—Madame Lepoiroux envoie son fils à Paris, et elle ira elle-même à Paris?
—Si elle contracte l’emprunt, dit le notaire.
—Ce qui est impossible!...
—Ce qui, au contraire, est réalisable, étant donné, d’une part, la valeur du jeune homme, et, d’autre part, la protection constante dont votre famille n’a cessé de le favoriser.
—Je la trouve forte, vous en conviendrez, Thurageau. Comment! parce que j’ai pris soin de son enfant dès la naissance, parce que je l’ai fait élever, instruire jusqu’à son baccalauréat, ses deux baccalauréats, si vous voulez, voilà que madame Lepoiroux élève la prétention que je lui dois la licence, le doctorat, l’agrégation, et qui plus est, à Paris... et qui plus est, dans le giron de sa mère!... Ah mais! ah mais!...

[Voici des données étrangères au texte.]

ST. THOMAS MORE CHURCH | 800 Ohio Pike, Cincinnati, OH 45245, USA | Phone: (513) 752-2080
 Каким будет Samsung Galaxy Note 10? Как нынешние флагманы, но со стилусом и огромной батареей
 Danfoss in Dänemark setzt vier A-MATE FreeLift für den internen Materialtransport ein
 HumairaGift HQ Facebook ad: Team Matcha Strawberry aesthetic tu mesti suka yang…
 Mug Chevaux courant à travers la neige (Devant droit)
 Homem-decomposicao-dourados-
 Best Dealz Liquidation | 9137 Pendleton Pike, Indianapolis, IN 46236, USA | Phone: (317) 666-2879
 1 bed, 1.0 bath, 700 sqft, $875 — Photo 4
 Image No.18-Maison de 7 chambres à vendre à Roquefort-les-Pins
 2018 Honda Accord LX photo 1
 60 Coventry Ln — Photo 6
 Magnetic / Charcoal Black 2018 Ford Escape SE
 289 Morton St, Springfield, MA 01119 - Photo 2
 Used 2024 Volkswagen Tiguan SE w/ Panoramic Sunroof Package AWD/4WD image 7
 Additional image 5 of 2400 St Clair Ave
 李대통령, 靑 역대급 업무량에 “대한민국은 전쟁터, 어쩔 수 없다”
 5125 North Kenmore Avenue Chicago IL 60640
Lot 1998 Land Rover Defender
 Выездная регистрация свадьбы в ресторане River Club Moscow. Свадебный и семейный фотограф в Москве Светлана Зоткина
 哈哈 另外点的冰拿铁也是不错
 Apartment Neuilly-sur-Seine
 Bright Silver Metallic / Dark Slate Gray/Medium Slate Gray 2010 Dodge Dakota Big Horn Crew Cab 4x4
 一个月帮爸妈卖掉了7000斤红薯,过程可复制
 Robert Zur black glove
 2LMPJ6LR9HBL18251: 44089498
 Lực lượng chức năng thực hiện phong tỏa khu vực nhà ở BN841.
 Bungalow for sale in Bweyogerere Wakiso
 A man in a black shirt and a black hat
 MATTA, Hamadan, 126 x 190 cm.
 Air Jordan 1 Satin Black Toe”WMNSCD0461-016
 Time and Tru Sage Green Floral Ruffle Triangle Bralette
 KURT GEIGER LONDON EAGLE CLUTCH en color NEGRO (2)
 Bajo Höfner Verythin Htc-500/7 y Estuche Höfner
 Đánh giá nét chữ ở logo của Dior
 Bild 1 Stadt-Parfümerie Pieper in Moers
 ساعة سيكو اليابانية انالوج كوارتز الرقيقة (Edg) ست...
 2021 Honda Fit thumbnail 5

—Bienfait oblige, madame... non qui le reçoit mais qui l’accorde!
IX
On ne vécut plus, à Nouaillé, que dans l’appréhension de la visite des Lepoiroux. On prépara ses arguments, on se fortifia de manière à soutenir l’assaut. Entre temps, on échangeait lettres et billets avec le notaire. Thurageau avait revu la mère du jeune Hilaire: elle affirmait avoir trouvé prêteur; elle demandait un rendez-vous. Le notaire lui accordait le rendez-vous: elle ne s’y présentait pas. Elle n’avait donc pas trouvé prêteur. A Nouaillé, point de visite, point de nouvelles directes des Lepoiroux.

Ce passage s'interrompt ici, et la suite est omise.